» INPUT DATA:
Segment Open
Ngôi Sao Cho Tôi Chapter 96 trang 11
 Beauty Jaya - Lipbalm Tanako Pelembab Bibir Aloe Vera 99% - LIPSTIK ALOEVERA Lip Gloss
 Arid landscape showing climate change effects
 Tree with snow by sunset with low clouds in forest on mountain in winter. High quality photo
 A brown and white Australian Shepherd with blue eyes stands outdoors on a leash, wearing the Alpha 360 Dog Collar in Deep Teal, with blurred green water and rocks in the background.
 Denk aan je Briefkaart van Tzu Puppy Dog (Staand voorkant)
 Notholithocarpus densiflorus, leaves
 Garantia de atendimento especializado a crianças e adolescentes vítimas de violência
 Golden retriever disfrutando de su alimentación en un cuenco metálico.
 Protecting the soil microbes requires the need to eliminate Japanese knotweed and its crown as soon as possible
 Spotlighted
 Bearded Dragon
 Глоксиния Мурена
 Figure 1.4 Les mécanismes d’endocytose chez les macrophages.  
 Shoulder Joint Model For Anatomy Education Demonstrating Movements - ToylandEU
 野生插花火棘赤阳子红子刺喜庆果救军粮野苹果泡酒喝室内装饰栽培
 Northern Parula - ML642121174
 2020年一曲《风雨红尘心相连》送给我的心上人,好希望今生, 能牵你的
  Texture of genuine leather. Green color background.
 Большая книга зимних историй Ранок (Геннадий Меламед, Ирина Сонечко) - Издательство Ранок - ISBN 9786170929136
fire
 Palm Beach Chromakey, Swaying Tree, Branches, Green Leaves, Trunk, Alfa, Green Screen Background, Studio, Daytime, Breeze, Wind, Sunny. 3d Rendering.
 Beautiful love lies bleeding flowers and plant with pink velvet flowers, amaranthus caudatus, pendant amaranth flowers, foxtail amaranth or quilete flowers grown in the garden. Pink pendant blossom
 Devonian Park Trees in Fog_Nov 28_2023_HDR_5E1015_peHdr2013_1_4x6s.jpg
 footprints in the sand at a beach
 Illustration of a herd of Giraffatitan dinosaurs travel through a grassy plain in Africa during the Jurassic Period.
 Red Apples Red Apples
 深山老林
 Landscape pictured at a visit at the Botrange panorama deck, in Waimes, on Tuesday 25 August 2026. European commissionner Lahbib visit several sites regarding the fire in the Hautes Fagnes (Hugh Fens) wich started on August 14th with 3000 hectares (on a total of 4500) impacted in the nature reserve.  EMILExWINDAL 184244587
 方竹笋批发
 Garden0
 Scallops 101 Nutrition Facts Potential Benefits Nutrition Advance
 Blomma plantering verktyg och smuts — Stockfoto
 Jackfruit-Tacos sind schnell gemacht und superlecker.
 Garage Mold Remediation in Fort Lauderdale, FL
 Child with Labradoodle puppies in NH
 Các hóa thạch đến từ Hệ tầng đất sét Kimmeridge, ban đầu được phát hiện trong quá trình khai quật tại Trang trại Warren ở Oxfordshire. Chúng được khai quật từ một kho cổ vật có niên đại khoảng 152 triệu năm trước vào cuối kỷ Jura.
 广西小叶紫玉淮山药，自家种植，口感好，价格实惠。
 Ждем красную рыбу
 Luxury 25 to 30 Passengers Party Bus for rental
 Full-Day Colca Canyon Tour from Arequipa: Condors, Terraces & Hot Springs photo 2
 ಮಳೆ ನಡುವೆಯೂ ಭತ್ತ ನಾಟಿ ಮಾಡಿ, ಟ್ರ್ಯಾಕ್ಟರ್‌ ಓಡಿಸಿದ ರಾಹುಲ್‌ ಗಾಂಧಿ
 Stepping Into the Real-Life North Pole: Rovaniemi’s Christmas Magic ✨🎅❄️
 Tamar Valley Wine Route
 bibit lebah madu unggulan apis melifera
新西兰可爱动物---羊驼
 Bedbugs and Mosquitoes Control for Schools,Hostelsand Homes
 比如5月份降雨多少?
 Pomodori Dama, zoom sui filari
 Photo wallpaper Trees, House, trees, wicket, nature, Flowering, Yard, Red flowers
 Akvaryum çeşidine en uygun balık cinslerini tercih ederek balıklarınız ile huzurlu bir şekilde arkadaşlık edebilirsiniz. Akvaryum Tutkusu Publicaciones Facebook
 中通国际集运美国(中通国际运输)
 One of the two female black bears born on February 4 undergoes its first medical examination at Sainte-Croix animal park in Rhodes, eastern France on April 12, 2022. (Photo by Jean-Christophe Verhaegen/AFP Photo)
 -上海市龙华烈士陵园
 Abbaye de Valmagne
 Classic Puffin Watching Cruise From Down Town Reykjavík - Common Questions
Segment Closed
» YOUR OBJECTIVE: Nothing in the material may be left out; write it all out verbatim.

» SOLUTION TO THE EXERCISE:
Ngôi Sao Cho Tôi Chapter 96 trang 11
 Beauty Jaya - Lipbalm Tanako Pelembab Bibir Aloe Vera 99% - LIPSTIK ALOEVERA Lip Gloss
 Arid landscape showing climate change effects
 Tree with snow by sunset with low clouds in forest on mountain in winter. High quality photo
 A brown and white Australian Shepherd with blue eyes stands outdoors on a leash, wearing the Alpha 360 Dog Collar in Deep Teal, with blurred green water and rocks in the background.
 Denk aan je Briefkaart van Tzu Puppy Dog (Staand voorkant)
 Notholithocarpus densiflorus, leaves
 Garantia de atendimento especializado a crianças e adolescentes vítimas de violência
 Golden retriever disfrutando de su alimentación en un cuenco metálico.
 Protecting the soil microbes requires the need to eliminate Japanese knotweed and its crown as soon as possible
 Spotlighted
 Bearded Dragon
 Глоксиния Мурена
 Figure 1.4 Les mécanismes d’endocytose chez les macrophages.  
 Shoulder Joint Model For Anatomy Education Demonstrating Movements - ToylandEU
 野生插花火棘赤阳子红子刺喜庆果救军粮野苹果泡酒喝室内装饰栽培
 Northern Parula - ML642121174
 2020年一曲《风雨红尘心相连》送给我的心上人,好希望今生, 能牵你的
  Texture of genuine leather. Green color background.
 Большая книга зимних историй Ранок (Геннадий Меламед, Ирина Сонечко) - Издательство Ранок - ISBN 9786170929136
fire
 Palm Beach Chromakey, Swaying Tree, Branches, Green Leaves, Trunk, Alfa, Green Screen Background, Studio, Daytime, Breeze, Wind, Sunny. 3d Rendering.
 Beautiful love lies bleeding flowers and plant with pink velvet flowers, amaranthus caudatus, pendant amaranth flowers, foxtail amaranth or quilete flowers grown in the garden. Pink pendant blossom
 Devonian Park Trees in Fog_Nov 28_2023_HDR_5E1015_peHdr2013_1_4x6s.jpg
 footprints in the sand at a beach
 Illustration of a herd of Giraffatitan dinosaurs travel through a grassy plain in Africa during the Jurassic Period.
 Red Apples Red Apples
 深山老林
 Landscape pictured at a visit at the Botrange panorama deck, in Waimes, on Tuesday 25 August 2026. European commissionner Lahbib visit several sites regarding the fire in the Hautes Fagnes (Hugh Fens) wich started on August 14th with 3000 hectares (on a total of 4500) impacted in the nature reserve.  EMILExWINDAL 184244587
 方竹笋批发
 Garden0
 Scallops 101 Nutrition Facts Potential Benefits Nutrition Advance
 Blomma plantering verktyg och smuts — Stockfoto
 Jackfruit-Tacos sind schnell gemacht und superlecker.
 Garage Mold Remediation in Fort Lauderdale, FL
 Child with Labradoodle puppies in NH
 Các hóa thạch đến từ Hệ tầng đất sét Kimmeridge, ban đầu được phát hiện trong quá trình khai quật tại Trang trại Warren ở Oxfordshire. Chúng được khai quật từ một kho cổ vật có niên đại khoảng 152 triệu năm trước vào cuối kỷ Jura.
 广西小叶紫玉淮山药，自家种植，口感好，价格实惠。
 Ждем красную рыбу
 Luxury 25 to 30 Passengers Party Bus for rental
 Full-Day Colca Canyon Tour from Arequipa: Condors, Terraces & Hot Springs photo 2
 ಮಳೆ ನಡುವೆಯೂ ಭತ್ತ ನಾಟಿ ಮಾಡಿ, ಟ್ರ್ಯಾಕ್ಟರ್‌ ಓಡಿಸಿದ ರಾಹುಲ್‌ ಗಾಂಧಿ
 Stepping Into the Real-Life North Pole: Rovaniemi’s Christmas Magic ✨🎅❄️
 Tamar Valley Wine Route
 bibit lebah madu unggulan apis melifera
新西兰可爱动物---羊驼
 Bedbugs and Mosquitoes Control for Schools,Hostelsand Homes
 比如5月份降雨多少?
 Pomodori Dama, zoom sui filari
 Photo wallpaper Trees, House, trees, wicket, nature, Flowering, Yard, Red flowers
 Akvaryum çeşidine en uygun balık cinslerini tercih ederek balıklarınız ile huzurlu bir şekilde arkadaşlık edebilirsiniz. Akvaryum Tutkusu Publicaciones Facebook
 中通国际集运美国(中通国际运输)
 One of the two female black bears born on February 4 undergoes its first medical examination at Sainte-Croix animal park in Rhodes, eastern France on April 12, 2022. (Photo by Jean-Christophe Verhaegen/AFP Photo)
 -上海市龙华烈士陵园
 Abbaye de Valmagne
 Classic Puffin Watching Cruise From Down Town Reykjavík - Common Questions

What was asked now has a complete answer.